Use Apache Drill to query sample data in 10 minutes. For simplicity, you’ll run Drill in embedded mode rather than distributed mode to try out Drill without having to perform any setup tasks.
Drill is a clustered, powerful MPP (Massively Parallel Processing) query engine for Hadoop that can process petabytes of data, fast. Drill is useful for short, interactive ad-hoc queries on large-scale data sets. Drill is capable of querying nested data in formats like JSON and Parquet and performing dynamic schema discovery. Drill does not require a centralized metadata repository.
Drill does not require schema or type specification for data in order to start the query execution process. Drill starts data processing in record-batches and discovers the schema during processing. Self-describing data formats such as Parquet, JSON, AVRO, and NoSQL databases have schema specified as part of the data itself, which Drill leverages dynamically at query time. Because schema can change over the course of a Drill query, all Drill operators are designed to reconfigure themselves when schemas change.
Drill allows access to nested data attributes, just like SQL columns, and provides intuitive extensions to easily operate on them. From an architectural point of view, Drill provides a flexible hierarchical columnar data model that can represent complex, highly dynamic and evolving data models. Drill allows for efficient processing of these models without the need to flatten or materialize them at design time or at execution time.

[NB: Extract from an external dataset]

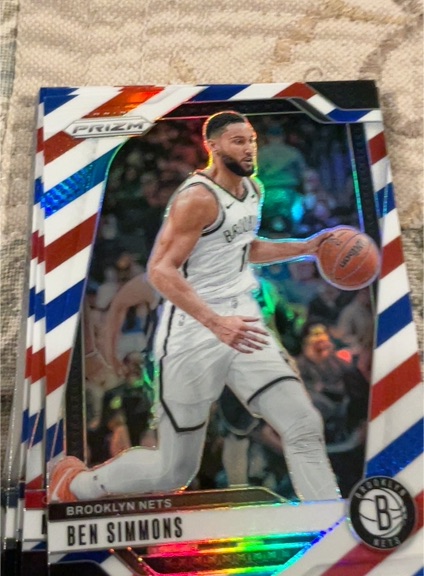 2024-25 Panini Prizm #82 Ben Simmons — front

Relational data in Drill is treated as a special or simplified case of complex/multi-structured data.
Drill does not have a centralized metadata requirement. You do not need to create and manage tables and views in a metadata repository, or rely on a database administrator group for such a function. Drill metadata is derived from the storage plugins that correspond to data sources. Storage plugins provide a spectrum of metadata ranging from full metadata (Hive), partial metadata (HBase), or no central metadata (files). De-centralized metadata means that Drill is NOT tied to a single Hive repository. You can query multiple Hive repositories at once and then combine the data with information from HBase tables or with a file in a distributed file system. You can also use SQL DDL syntax to create metadata within Drill, which gets organized just like a traditional database. Drill metadata is accessible through the ANSI standard INFORMATION_SCHEMA database.

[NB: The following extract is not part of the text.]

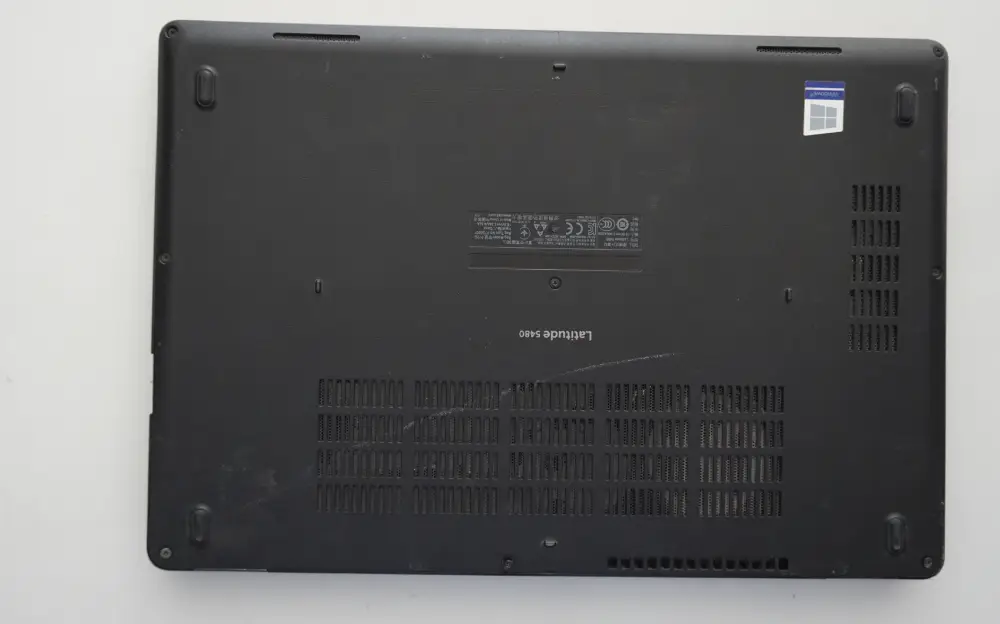 DELL Latitude 5480 Front & Back Cover and Touch-Pad & Keyboard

Drill provides an extensible architecture at all layers, including the storage plugin, query, query optimization/execution, and client API layers. You can customize any layer for the specific needs of an organization or you can extend the layer to a broader array of use cases. Drill provides a built in classpath scanning and plugin concept to add additional storage plugins, functions, and operators with minimal configuration.
Download the Apache Drill archive and extract the contents to a directory on your machine. The Apache Drill archive contains sample JSON and Parquet files that you can query immediately.
Query the sample JSON and parquet files using SQLLine. SQLLine is a pure-Java console-based utility for connecting to relational databases and executing SQL commands. SQLLine is used as the shell for Drill. Drill follows the ANSI SQL: 2011 standard with a few extensions for nested data formats.
You must have the following software installed on your machine to run Drill:
Software | Description |
Oracle JDK version 7 | A set of programming tools for developing Java applications. |
Run the following command to verify that the system meets the software prerequisite:
Command | Example Output |
java –version | java version "1.7.0_65" Java(TM) SE Runtime Environment (build 1.7.0_65-b19) Java HotSpot(TM) 64-Bit Server VM (build 24.65-b04, mixed mode) |
You can install Drill on a machine running Linux, Mac OS X, or Windows.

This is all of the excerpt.